Wednesday, May 03, 2006

...save me

...these were the words which concluded the movie 8MM except for the epilogue. It wasn't what I would call an enjoyable movie, in fact in places it was quite sickening, but it was a good movie. The story follows a young PI (Nicholas Cage) who has been hired to find out whether what appears to be a snuff film is real (for those of you who don't know a snuff film is a film in which someone is actually being murdered, generally with S&M overtones). It takes Cage into the underworld of pornography led by a sleazy adult bookstore attendant (Jaoquin Phoenix).

These closing words were so ept for in the course of the movie Cage was taken into the depths of earthly hell. People are reduced to objects and degraded and humilated and engage in this willingly. He sees the underside of the pornography industry and is disgusted by what he sees. He cannot understand why people do this why they do these things to one another. He cannot believe that people do this because they can and because they enjoy it.

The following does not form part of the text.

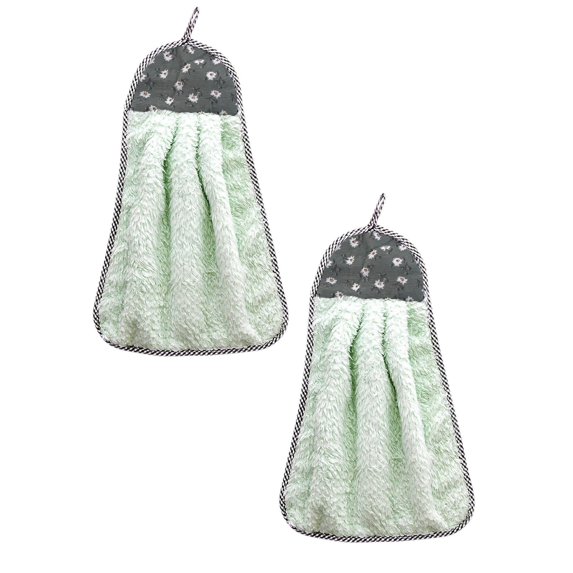 Clearance Wipes under $6 Nonstick Oil Coral Velvet Hanging Hand Towels Kitchen Dishclout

By not respecting themselves people degrade themselves. By not viewing ourselves as immortal and by not seeing the intimate, inseparable unity of the human being mind, body, and soul we do horrible things to ourselves believing that it has no effect upon us. Also, when we allow or worse encourage people to abuse themselves in this way for our titilation we are taking their humanity and reducing to mere objects for our pleasure. Both are sinning as I defined it in the last post where sin rather than being a breaking of some law is a lack of wholeness, a failure to be all that we were meant to be. Also there is the sin of failing to grant others their wholeness. We can steal the wholeness of others and we are guilty whether or not they offer it up freely.

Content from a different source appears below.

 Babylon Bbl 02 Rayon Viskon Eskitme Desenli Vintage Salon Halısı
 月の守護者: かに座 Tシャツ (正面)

-random postscript: this is the problem with the Prostitution Law reform in NZ. I agree that it is just and right that it was unfair that the client was not prosecuted while the provider was, because both are equally culpable. For without one there could not be the other. And the argument that a woman seeking to support her children by the means she can is valid. However, that is just the point: what is wrong with society where the only way that some women can support themselves is by selling themselves to anyone? Should not the government not be looking at ways to provide for all of its citizens in ways that builds them all up and increases the wholeness and shalom of everyone.